McKinney Bond Committee proposes $200 million bond election item for airport development

Published: Thu, 01/19/23

McKinney Bond Committee proposes $200 million bond election item for airport development


Renderings show the potential for a commercial terminal at McKinney National Airport
Provided by McKinney Chamber of Commerce / Courtesy of Garver

McKinney Courier-Gazette
By Audrey Henvey | Star Local Media
January 18, 2023

A potential $200 million bond item regarding the McKinney National Airport could be coming to voters in May.

In September, McKinney City Council members appointed a roughly 40-person committee to look at future capital projects that could be presented as part of a bond election in May 2023. At the time, the city of McKinney said the focus of the program was expected to be on the McKinney National Airport. The committee included regional and local representatives.

On Tuesday, the committee, represented by committee member Brian Loughmiller, presented a recommendation for a $200 million bond item to go to voters for the May 6 election. The recommended amount is for “for future development at the McKinney National Airport and capital projects outlined in its master plan,” according to the city.
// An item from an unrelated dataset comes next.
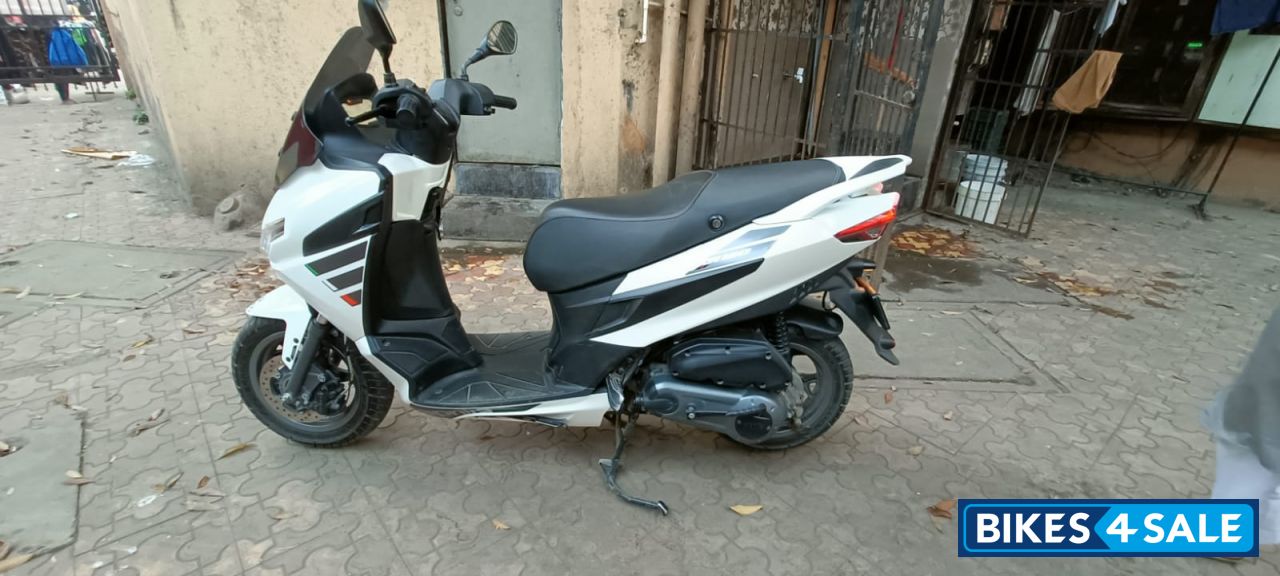 Pearl White Aprilia SXR 160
According to Loughmiller’s presentation, the amount would cover roughly 67% of capital projects funding that would be needed for initial commercial service to come to the airport.

The idea of bringing commercial service to McKinney’s airport has been part of the airport master plan since 2012, according to multiple city presentations. “Due diligence” on such a project began in 2019 “as a result of unsolicited interest from airlines and developers,” according to a presentation from Airport Director Ken Carley. The city and airport have commissioned a series of studies to validate the market and demand for service, as well as to understand costs, economic impact and environmental impact.

The bond committee met three times, starting on Oct. 10 and concluding on Nov. 9.

“The purpose of the meeting was to do an evaluation and make a recommendation and not necessarily just come in and say, ‘Yeah this is great, this is what you want to do, go do it.’” Loughmiller said in a presentation to the council. “So it was really a lot of, I think, critical thought put into the issues that were presented to us, everything from the standpoint of the dollars involved, the timing of it, trying to meet the goals of the council in this project, but also taking into consideration the concerns that typically we see with bond elections as relates to debt services, as relates to impact on tax rates and things of that nature. So there were a lot of discussions about that that were, in my view, very objective.”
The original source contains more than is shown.